Each entry should be copied as it stands, leaving the pictures behind.
[[ DATASET RECORDS open ]]
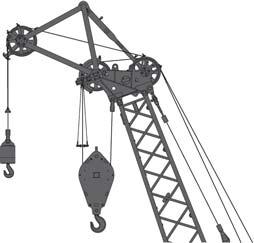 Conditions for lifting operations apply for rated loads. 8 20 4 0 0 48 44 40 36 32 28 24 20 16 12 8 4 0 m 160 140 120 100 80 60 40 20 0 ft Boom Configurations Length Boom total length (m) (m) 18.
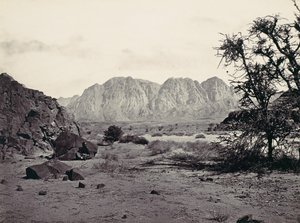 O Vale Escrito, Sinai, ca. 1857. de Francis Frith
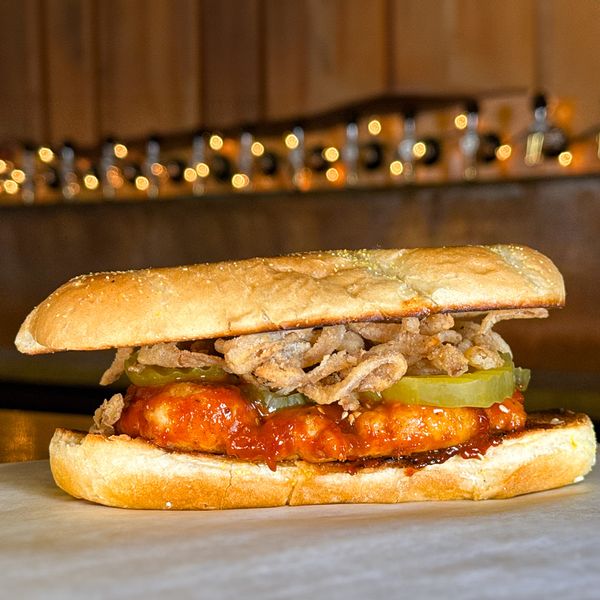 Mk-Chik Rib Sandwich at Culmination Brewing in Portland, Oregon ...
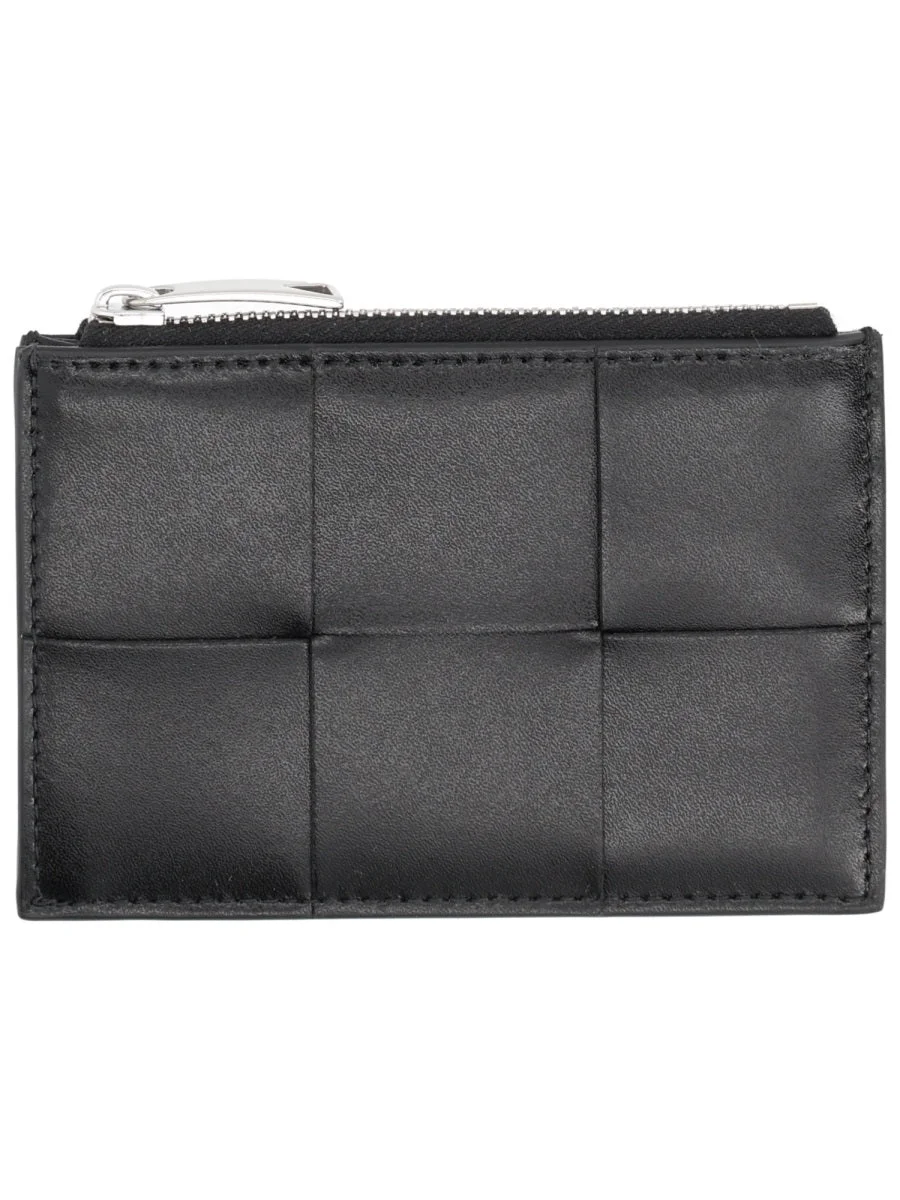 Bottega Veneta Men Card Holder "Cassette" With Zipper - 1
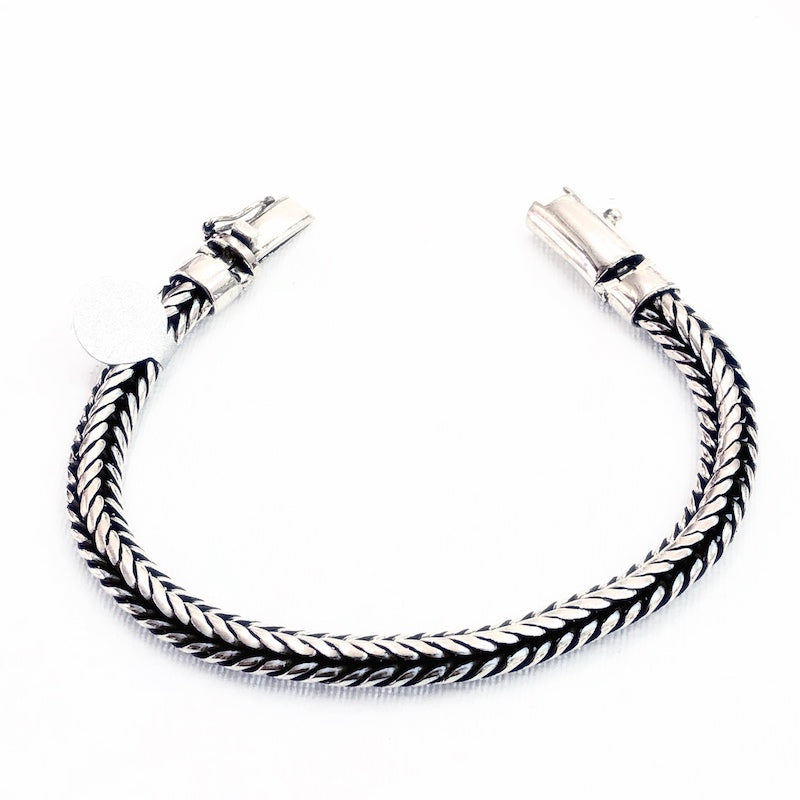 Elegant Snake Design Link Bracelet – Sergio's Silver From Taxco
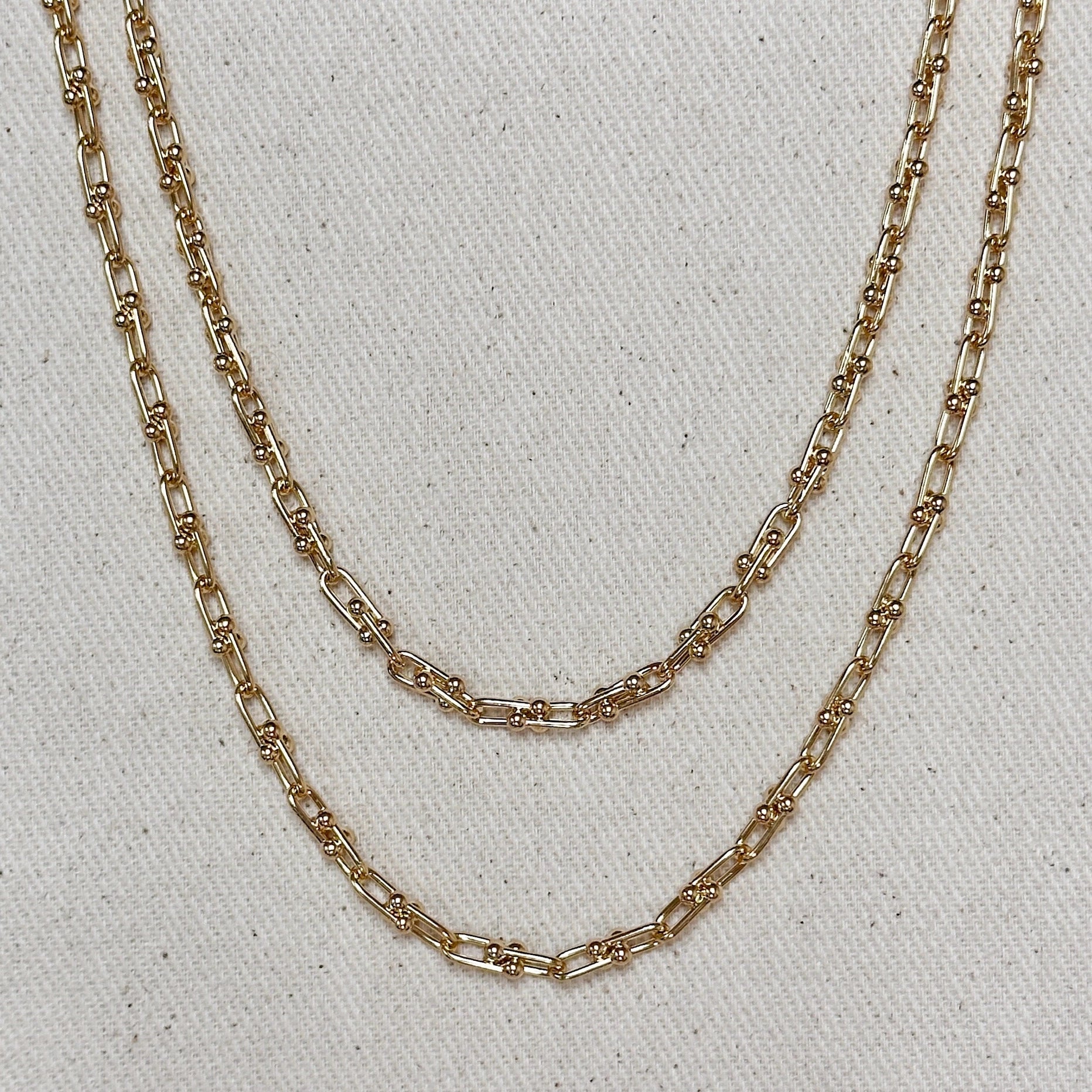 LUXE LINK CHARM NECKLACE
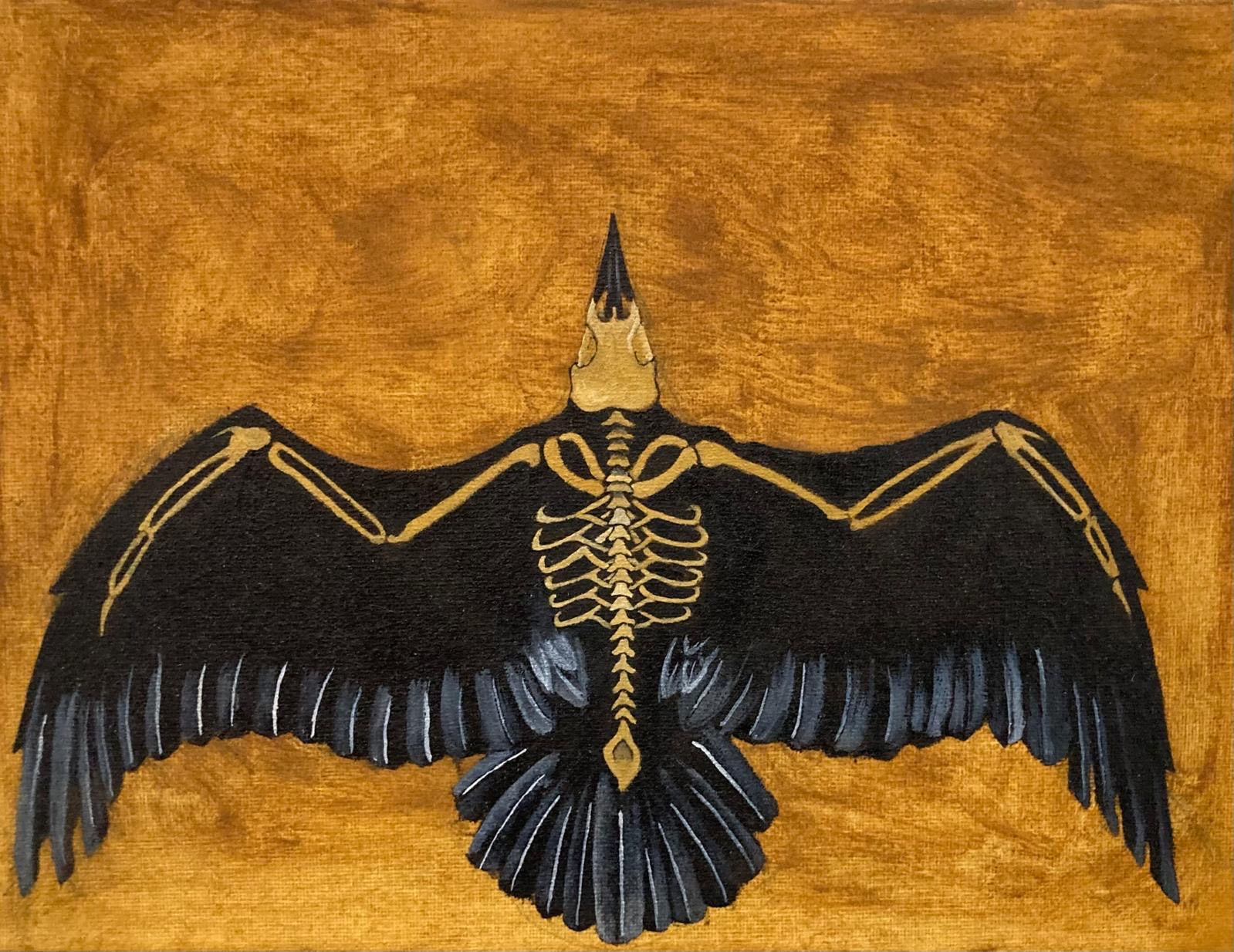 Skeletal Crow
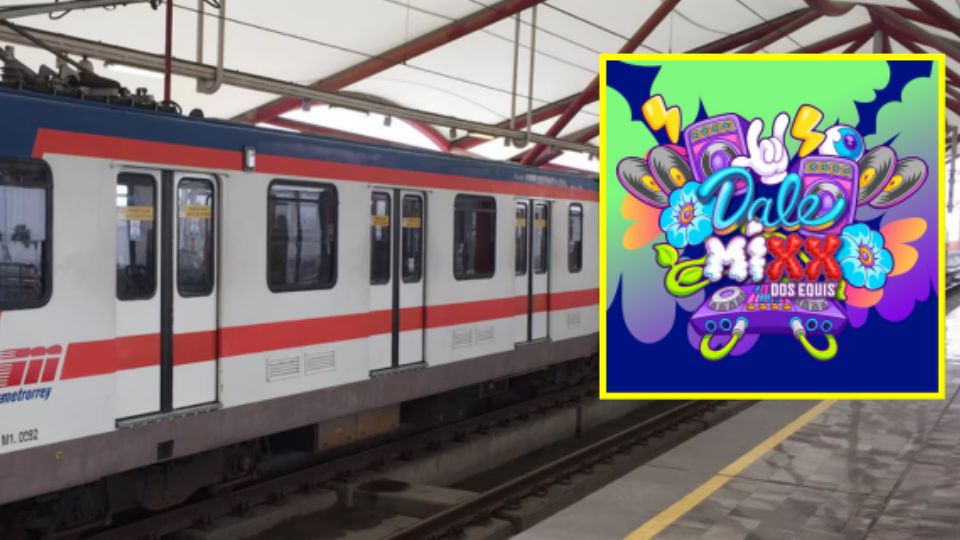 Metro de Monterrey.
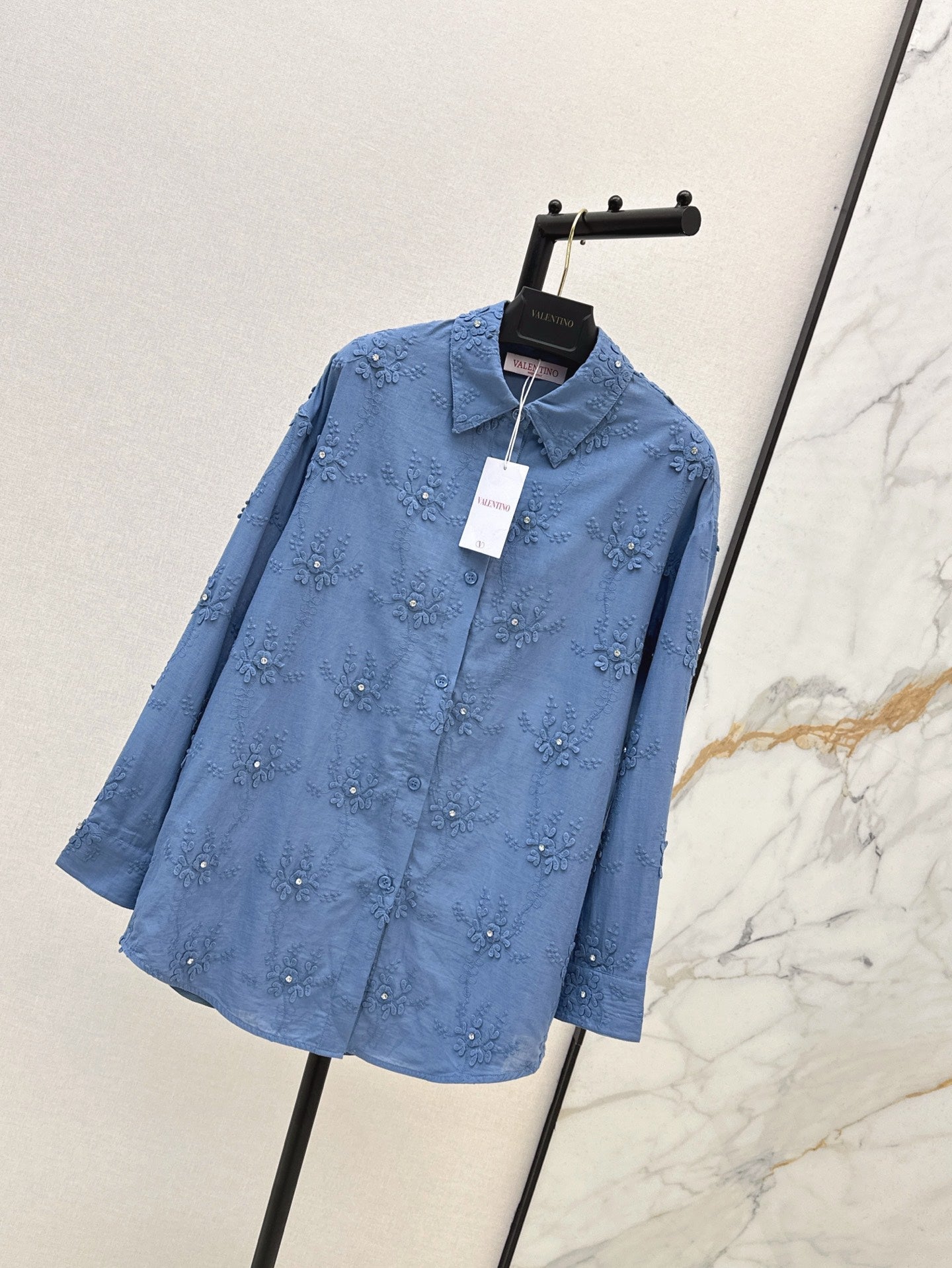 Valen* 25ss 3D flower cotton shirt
[[ DATASET RECORDS closed ]]
> _ANSWER TO THIS EXERCISE_:
 Conditions for lifting operations apply for rated loads. 8 20 4 0 0 48 44 40 36 32 28 24 20 16 12 8 4 0 m 160 140 120 100 80 60 40 20 0 ft Boom Configurations Length Boom total length (m) (m) 18.
 O Vale Escrito, Sinai, ca. 1857. de Francis Frith
 Mk-Chik Rib Sandwich at Culmination Brewing in Portland, Oregon ...
 Bottega Veneta Men Card Holder "Cassette" With Zipper - 1
 Elegant Snake Design Link Bracelet – Sergio's Silver From Taxco
 LUXE LINK CHARM NECKLACE
 Skeletal Crow
 Metro de Monterrey.
 Valen* 25ss 3D flower cotton shirt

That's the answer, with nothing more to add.